# Danish: Modal verbs



## Andreas_Jensen

This is a continuation of the "det skal jo ogsaa til..." disussion. I've taking the liberty of copying the text written by Vejrudsigt: 

_"But if I had to say which aspect of Danish grammar has proven the most frustrating, then it'd be the six modal verbs 'ville/turde/skulle/måtte/kunne/burde'. It's positively maddening given the multiple meanings associated with each one, e.g. I never know whether to use 'kan jeg godt...' or 'må jeg godt...' when I want to say "may I...", I'm uncertain as to whether 'katten skal dræbes' or 'katten vil dræbes' is the preferred rendering of "the cat will be killed" to say nothing of 'katten skal/vil blive dræbt', etc."_

First of all, I know what you mean! When I have to explain it to foreigners I realize how deeply disturbing this subject is!

Contructions with "kan jeg godt..." mostly mean if you are _able_ to do something. Contructions with "maa jeg godt..." mostly mean if you are _allowed_ to do something. When you say "may I" in English, I'd think that in 95% of the cases, in Danish you'd say "maa jeg (godt)...", but exceptions wouldn't surprise me! The more puzzling case is when you say "can I..." in English. Example:

---
Your sister is looking in a magazine and there is a page you want to see. In English you ask: "Can I see?" (I guess you could say "may I see?" too, but isn't it a bit too formal?)

In Danish you say "Maa jeg se?", which means "Will you let me see?"
If you say "Kan jeg se?" it means "Am I able to see?" 
---

With regards to "The cat will be killed", my preferred rendering is "Katten vil blive dræbt". I don't think that "skal blive" is ever a correct construction. For the other two "Katten skal draebes" seems more like "The cat _must_ be killed", and "katten vil draebes" seems like "the cat _wants_ to be killed". But yeah, the differences are often subtle, and you need a very trained (native?) ear, to really get it.

Andreas


----------



## BoTrojan

I would say that the three most vexing things when learning another language are:  1) idioms; 2) prepositions; and 3) modal verbs.  Often, these three obstacles all collide, which makes things really fun.

I agree with everything Andreas has said here.  The one amendment I would venture to make would be around common usage of "*kan*" versus "*maa.*"  I *think* it's become a very similar situation to the one we have in American English:  *can* and *may* definitely mean different things, but the vast majority of people use them interchangeably in common parlance.  

Imagine a scenario in which you're reading the Sunday paper near someone, you read something interesting and say out loud "now, that's interesting."  This piques the other person's interest and he/she says "can I see," or "can I see it?" or some such.  

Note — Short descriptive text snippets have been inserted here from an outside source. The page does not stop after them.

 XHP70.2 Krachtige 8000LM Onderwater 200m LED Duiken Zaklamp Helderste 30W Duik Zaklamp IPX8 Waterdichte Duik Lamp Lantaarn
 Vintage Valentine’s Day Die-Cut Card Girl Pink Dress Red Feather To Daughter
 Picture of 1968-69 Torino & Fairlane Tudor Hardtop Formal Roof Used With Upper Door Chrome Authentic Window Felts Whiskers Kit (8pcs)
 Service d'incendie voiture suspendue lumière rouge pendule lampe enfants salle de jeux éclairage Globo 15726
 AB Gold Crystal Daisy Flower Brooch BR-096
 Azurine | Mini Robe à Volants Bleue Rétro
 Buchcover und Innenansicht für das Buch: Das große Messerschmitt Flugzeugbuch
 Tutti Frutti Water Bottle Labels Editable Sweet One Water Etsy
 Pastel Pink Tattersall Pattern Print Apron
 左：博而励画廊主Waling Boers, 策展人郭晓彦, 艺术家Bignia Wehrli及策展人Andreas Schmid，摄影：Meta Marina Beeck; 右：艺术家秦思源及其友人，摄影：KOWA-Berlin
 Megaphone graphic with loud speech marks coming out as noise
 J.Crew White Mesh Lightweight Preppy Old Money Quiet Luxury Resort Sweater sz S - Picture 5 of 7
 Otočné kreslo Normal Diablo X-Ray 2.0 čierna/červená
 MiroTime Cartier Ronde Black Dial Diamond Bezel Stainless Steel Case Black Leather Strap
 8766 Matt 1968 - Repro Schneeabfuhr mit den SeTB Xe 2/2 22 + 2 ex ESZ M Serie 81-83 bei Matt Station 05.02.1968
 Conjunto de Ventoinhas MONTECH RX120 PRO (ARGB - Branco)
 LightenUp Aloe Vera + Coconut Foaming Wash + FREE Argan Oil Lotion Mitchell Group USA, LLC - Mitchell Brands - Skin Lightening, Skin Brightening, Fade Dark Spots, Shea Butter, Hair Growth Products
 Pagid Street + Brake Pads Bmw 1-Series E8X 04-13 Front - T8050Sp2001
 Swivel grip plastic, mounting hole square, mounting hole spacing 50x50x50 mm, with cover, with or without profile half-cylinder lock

In my experience (which could very well be different from others'), you're as likely to hear someone say in this situation "*maa jeg se (det)*?" as you are to hear "*kan jeg se (det)*?"  We all know that the grammatically correct thing to say in either language in this scenario is some variation of "*may* I see it."  But you almost never hear it in English.  I further think that the *maa* form of this simple expression is probably more common in Danish than the *may* form in AE.  But my contention would be ... not much.  In other contexts, kan and maa mean very different things and wouldn't be used interchangeably at all.  I can think of some expressions such as "det *maa* du nok sige!" eller "jeg *kan* godt fortaelle dig at busen er forsinket."  Totally different, right?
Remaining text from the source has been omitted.